Definition of ‘establishment’ under EU Regulation 1346/2000 discussed

Supreme Court of United Kingdom– Deciding the present appeal which relates to the issue as to what connection a foreign company must have with the United Kingdom so as to entitle an English court to wind it up, if its centre of main interests (“COMI”) is in another member state of the European Union, the Court unanimously dismissed the appeal stating that the EU Regulation’s 1346/2000 (Regulation) definition of “establishment”, which must be read as a whole, envisages a fixed place of business and business activity carried on, also consisting in dealings with third parties, and not merely acts of internal administration like in this case. Lord Sumption further noted that where a company has no subsisting business it is clearly not the case that the mere internal administration of its winding up will qualify. Such activity would not be “exercised on the market”; moreover, if it were enough to establish jurisdiction then the requirement for “economic activities” would add little or nothing to the definition of establishment.

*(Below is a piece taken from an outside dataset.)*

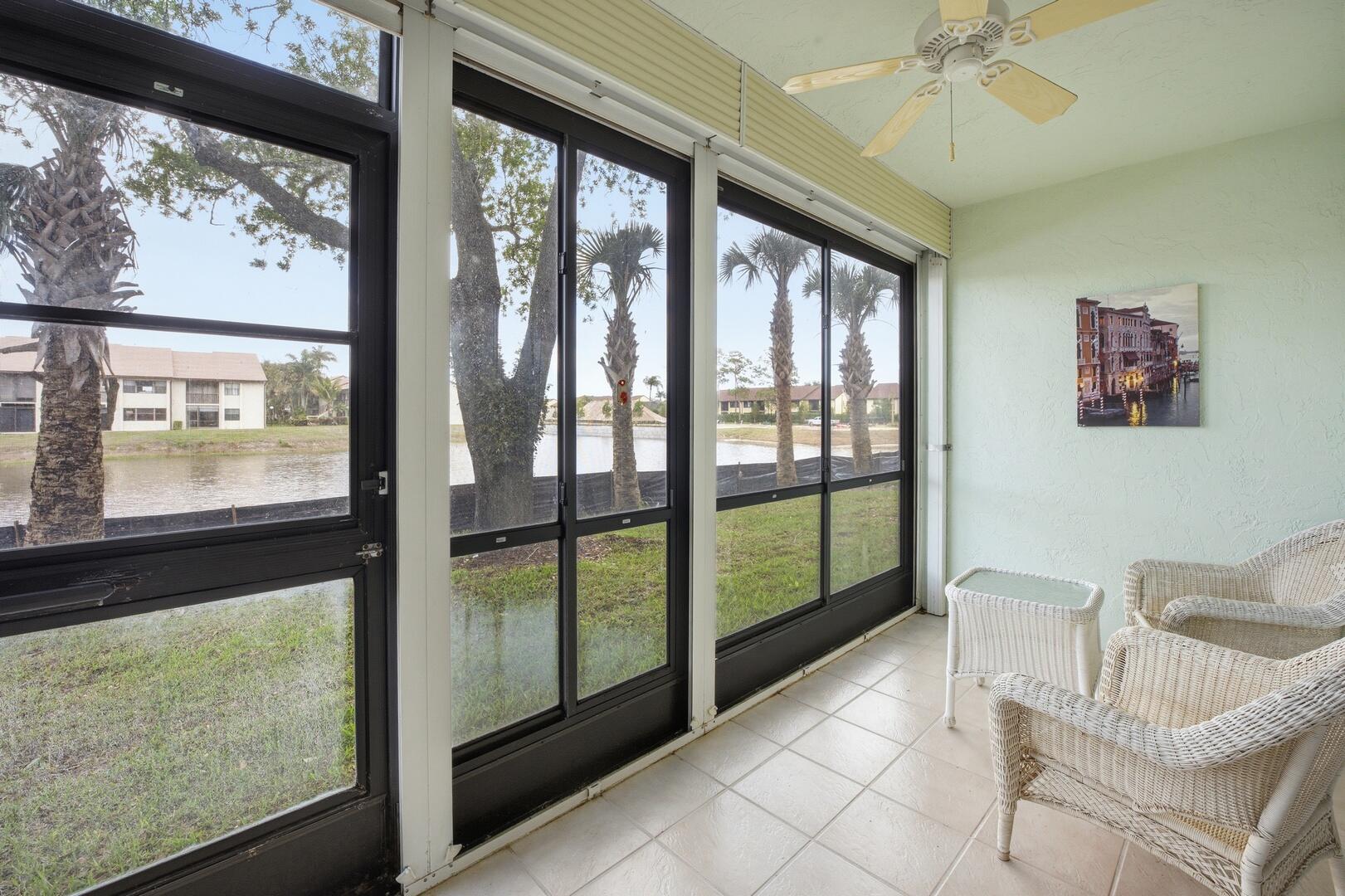 4725 E Lucerne Lakes Blvd Boulevard 110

As per the facts Olympic Airlines SA was wound up by a court in Athens. The main liquidation proceedings are ongoing in Greece. The company pension scheme has a £16m deficit. Olympic Airlines SA is liable to make good the deficit by S. 75 of the Pensions Act, 1995 and it is unlikely to be able to do so. Members of the pension scheme are eligible for compensation under the Pensions Act, 2004 from the UK’s Pension Protection Fund in respect of the shortfall. Such compensation is payable from the date when a “qualifying insolvency event” occurred. Thus, the important question for the court is, therefore, whether Olympic Airlines SA had an “establishment” in the UK entitling the English court to make a winding-up order under the Regulation, so that it can be said that a qualifying insolvency event occurred.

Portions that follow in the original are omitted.